- _WORK TO BE COMPLETED_:
From the records below, extract all the text exactly and leave the images behind.

----

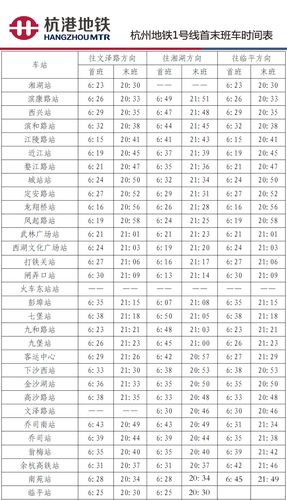 天津地铁1号线运营时间表 1号线全部站点时间表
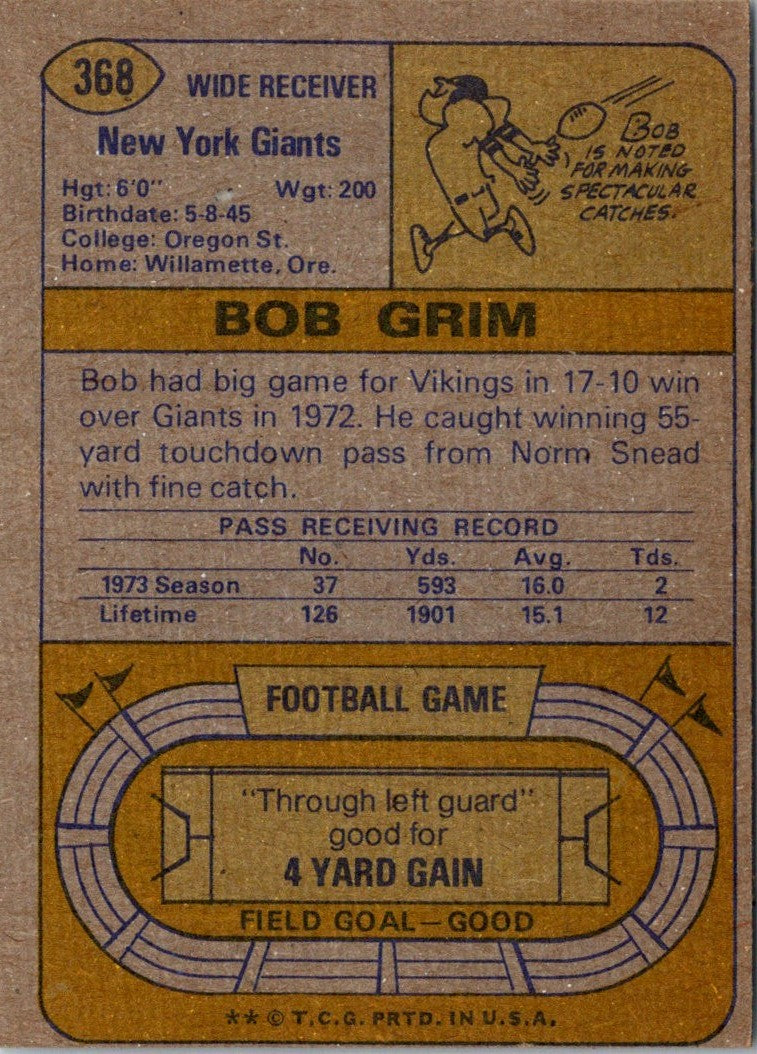 1974 Topps Bob Grim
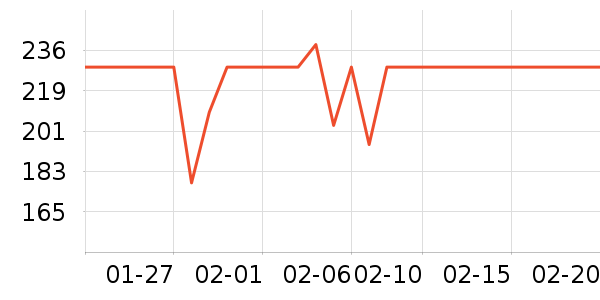 ��Я/�ƶ���Դ��ʷ�۸�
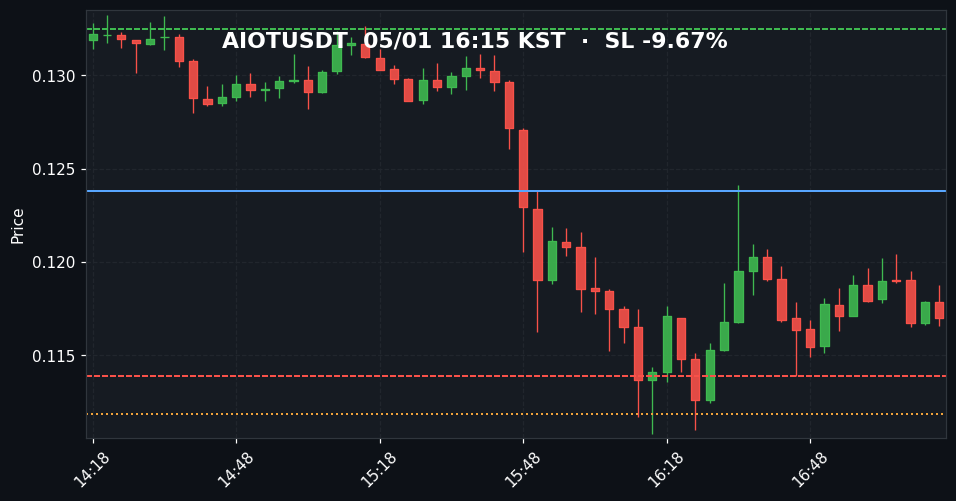 AIOTUSDT 3분봉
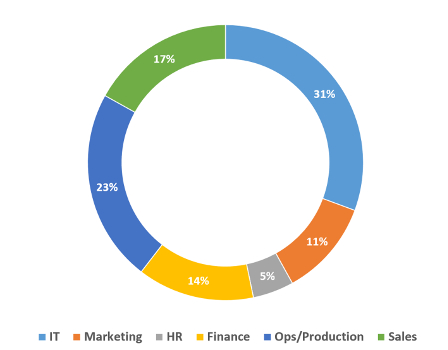 07_Which department in your organisation causes you the most concern when it comes to information security risk_web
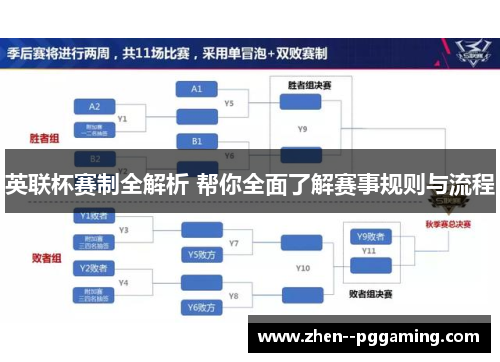 英联杯赛制全解析 帮你全面了解赛事规则与流程 英联杯赛制全解析 帮你全面了解赛事规则与流程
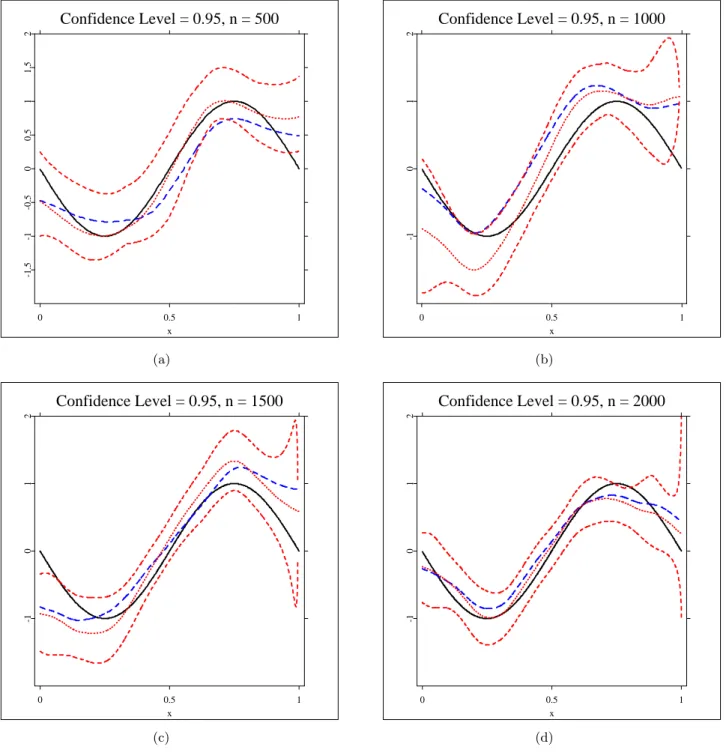 Fig 3. Plots of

----

- _TASK RESULT_:
 天津地铁1号线运营时间表 1号线全部站点时间表
 1974 Topps Bob Grim
 ��Я/�ƶ���Դ��ʷ�۸�
 AIOTUSDT 3분봉
 07_Which department in your organisation causes you the most concern when it comes to information security risk_web
 英联杯赛制全解析 帮你全面了解赛事规则与流程 英联杯赛制全解析 帮你全面了解赛事规则与流程
 Fig 3. Plots of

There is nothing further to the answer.